Assigned task
Leaving pictures aside, restate exactly the lines of the data below, from the first one through the line that contains "National emblem or".

[Scraped caption text data]

>>>

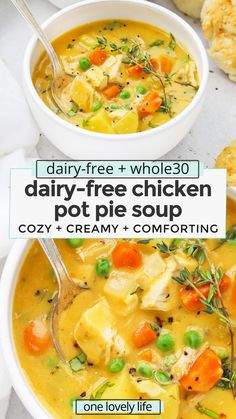 two bowls of dairy - free chicken pot pie soup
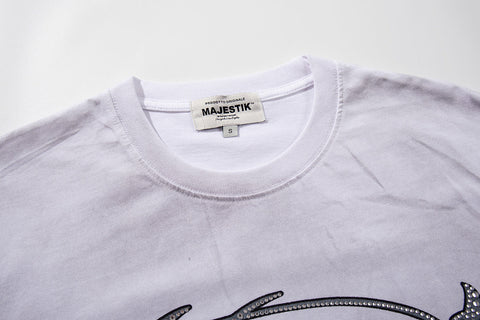 Majestik “Dystopian Liberty” Skull Rhinestone Vintage Tee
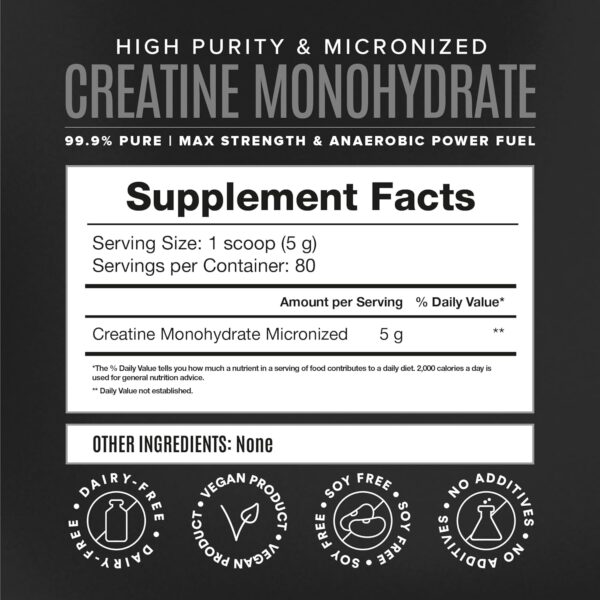 Micronized Creatine Monohydrate Capsules for Muscle Growth & Recovery, Pre & Post Workout, Vegan Creatine, Caffeine Free, Gluten Free, Sugar Free | 50 Servings | 250 Capsules - Image 7
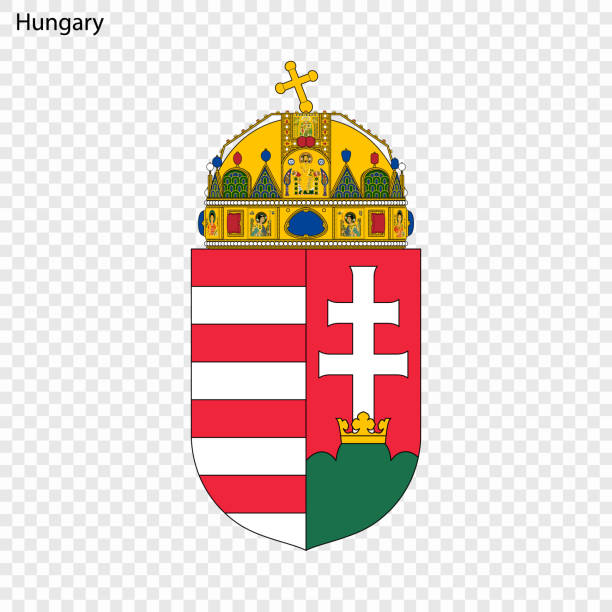 National emblem or symbol Symbol of Hungary. National emblem hungary stock illustrations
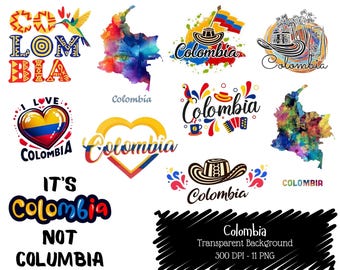 Colombia PNG Bundle • 11 Clipart Designs • Map, Flag, Culture • Transparent PNG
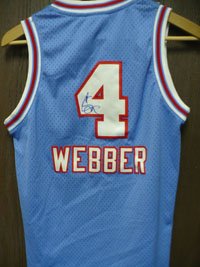Signed Webber, Chris (Sacramento Kings) 1985-86 Authentic Jersey size Children's Medium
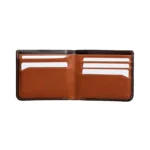 Moganozzo — Men's Deep Mahogany Brown Genuine Polished Full-Grain Leather Tan Contrast Stitch Classic Bifold Card Wallet - Image 2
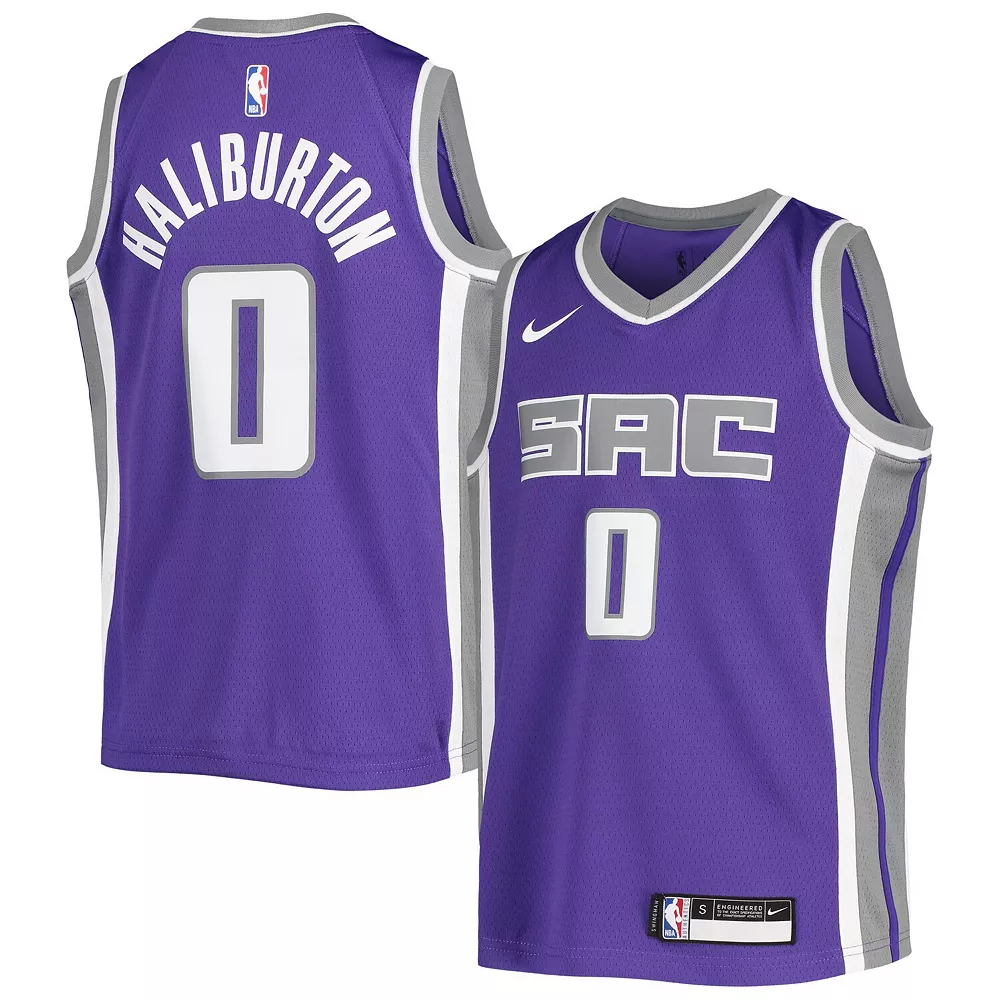 Youth Nike Tyrese Haliburton Purple Sacramento Kings 2020/21 Swingman Jersey - Icon Edition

<<<

Result of this exercise
 two bowls of dairy - free chicken pot pie soup
 Majestik “Dystopian Liberty” Skull Rhinestone Vintage Tee
 Micronized Creatine Monohydrate Capsules for Muscle Growth & Recovery, Pre & Post Workout, Vegan Creatine, Caffeine Free, Gluten Free, Sugar Free | 50 Servings | 250 Capsules - Image 7
 National emblem or symbol Symbol of Hungary. National emblem hungary stock illustrations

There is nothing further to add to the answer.